Amazon automates Hadoop use for developers

April 2, 2009, 11:31 AM —  IDG News Service — 

Amazon.com has launched a hosted service designed to simplify for developers the use of the Hadoop implementation of the MapReduce programming model for processing large data sets in processor clusters.

Called Amazon Elastic MapReduce, the cloud computing service is aimed at developers whose applications need to crunch large amounts of data, for which Hadoop is ideally suited.

With Amazon Elastic MapReduce, many tasks that developers would need to handle manually related to Hadoop are automated, the company's Amazon Web Services (AWS) cloud computing division said in an official blog on Thursday.

"Using Elastic MapReduce, you can create, run, monitor, and control Hadoop jobs with point-and-click ease. You don't have to go out and buys scads of hardware. You don't have to rack it, network it, or administer it. You don't have to worry about running out of resources or sharing them with other members of your organization. You don't have to monitor it, tune it, or spend time upgrading the system or application software on it," the blog posting reads.

AWS decided to create this service after learning it has customers running Hadoop jobs on the Amazon Elastic Compute Cloud (EC2) service, which provides hosted computing capacity. Because Hadoop is becoming increasingly popular, Amazon aims to make it easier for other developers to take advantage of this open source implementation of MapReduce.
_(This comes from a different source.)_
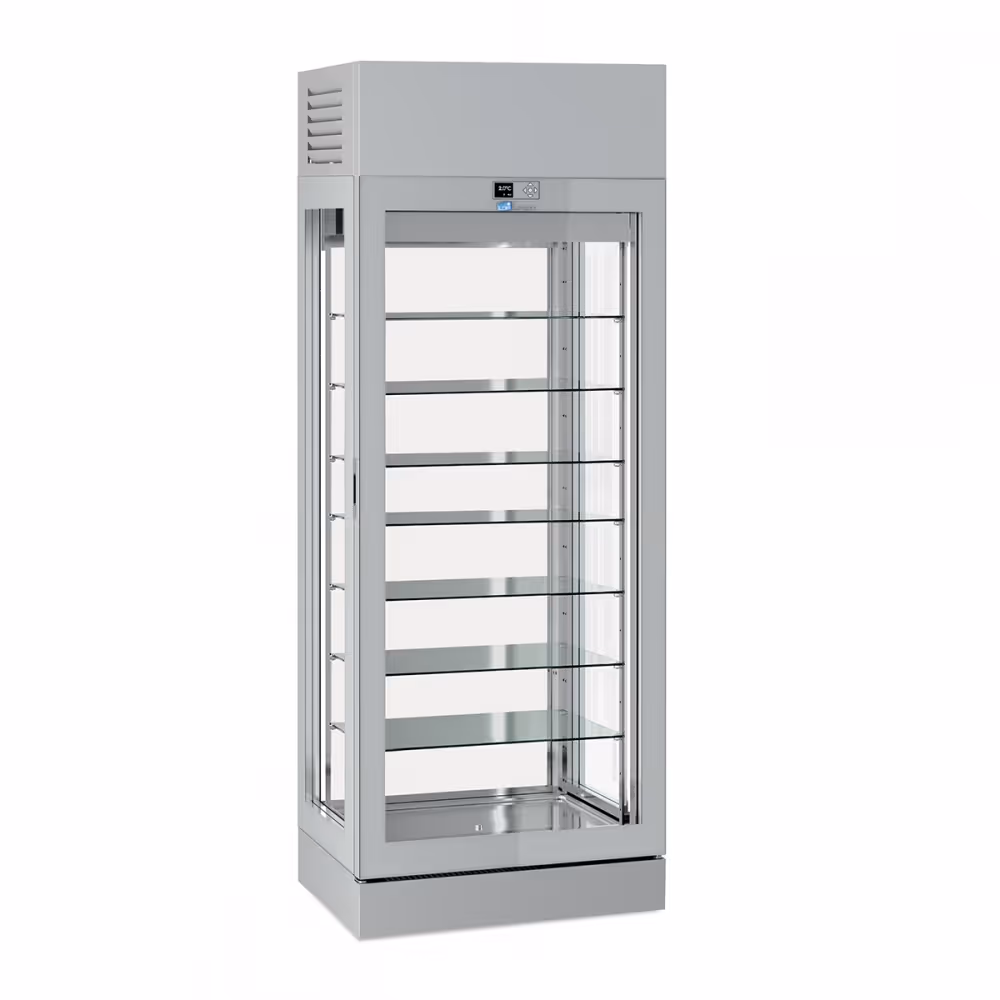 Longoni 85-XL Chocolate Display Case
Elastic MapReduce works in conjunction with EC2 and the Amazon Simple Storage Service (S3) hosted storage cloud service. "Elastic MapReduce automatically spins up a Hadoop implementation of the MapReduce framework on Amazon EC2 instances, sub-dividing the data in a job flow into smaller chunks so that they can be processed -- the 'map' function -- in parallel, and eventually recombining the processed data into the final solution -- the 'reduce' function. Amazon S3 serves as the source for the data being analyzed, and as the output destination for the end results," according to a separate description of the service.

As with other AWS cloud services, Amazon charges for Elastic MapReduce based on its usage, without a minimum fee.